Databricks, the inventor and commercial distributor of the Apache Spark processing platform, has announced the launch of an open source project called Delta Sharing at the Data + AI Summit.
The supplier describes Delta Sharing as the “first open protocol for securely sharing data across organisations in real time, completely independent of the platform on which the data resides”.
It is included within the Delta Lake project, which combines data lake technology with data warehousing attributes, and which the company open sourced in 2019 at its conference, then called Spark + AI Summit, from its own Delta product.
As a term, “data lakehouse” has some currency beyond Databricks, attracting the imprimatur of the O’Reilly media group, albeit in association with the supplier.
It is said to be supported by data providers Nasdaq, ICE, S&P, Precisely, Factset, Foursquare and SafeGraph, and by storage and software providers Amazon Web Services (AWS), Microsoft, Google Cloud and Tableau.
Matei Zaharia, chief technologist and co-founder of Databricks, said: “The top challenge for data providers today is making their data easily and broadly consumable. Managing dozens of different data delivery solutions to reach all user platforms is untenable. An open, interoperable standard for real-time data sharing will dramatically improve the experience for data providers and data users.
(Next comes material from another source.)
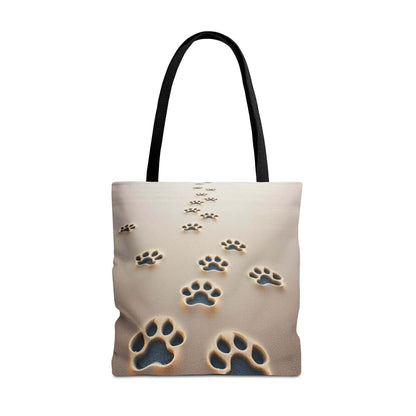 Paw Print Tote Bag with Black Handles on Sand Background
“Delta Sharing will standardise how data is securely exchanged between enterprises regardless of which storage or computing platform they use, and we are thrilled to make this innovation open source.”
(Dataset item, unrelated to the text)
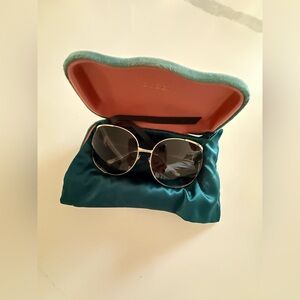 Gucci Gold Frame Sunglasses with Black Lenses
In an interview ahead of the summit, Joel Minnick, vice-president of marketing at Databricks, said: “The lakehouse is emerging as the new architecture for how customers think about their data, in that it brings their data and AI [artificial intelligence] initiatives onto the same platform.”
It is, he said, gaining recognition as an IT industry term, and featured at AWS’s re:Invent conference, with a focus on Amazon Redshift.
Minnick cited a recent blog by Bill Inmon, often described as the father of data warehousing, as an important validation for the data lakehouse concept. The blog describes the lakehouse as the natural evolution of data architecture. Inmon is speaking at the Data + AI Summit.
“In pursuit of machine learning and AI initiatives, getting value from unstructured data, alongside structured data, is something that data warehouses cannot do. And nor can data lakes. The lakehouse [concept] recognises that the vast majority of your data today is landing in your data lake, and data lakes lack reliability, performance capability and governance,” said Minnick.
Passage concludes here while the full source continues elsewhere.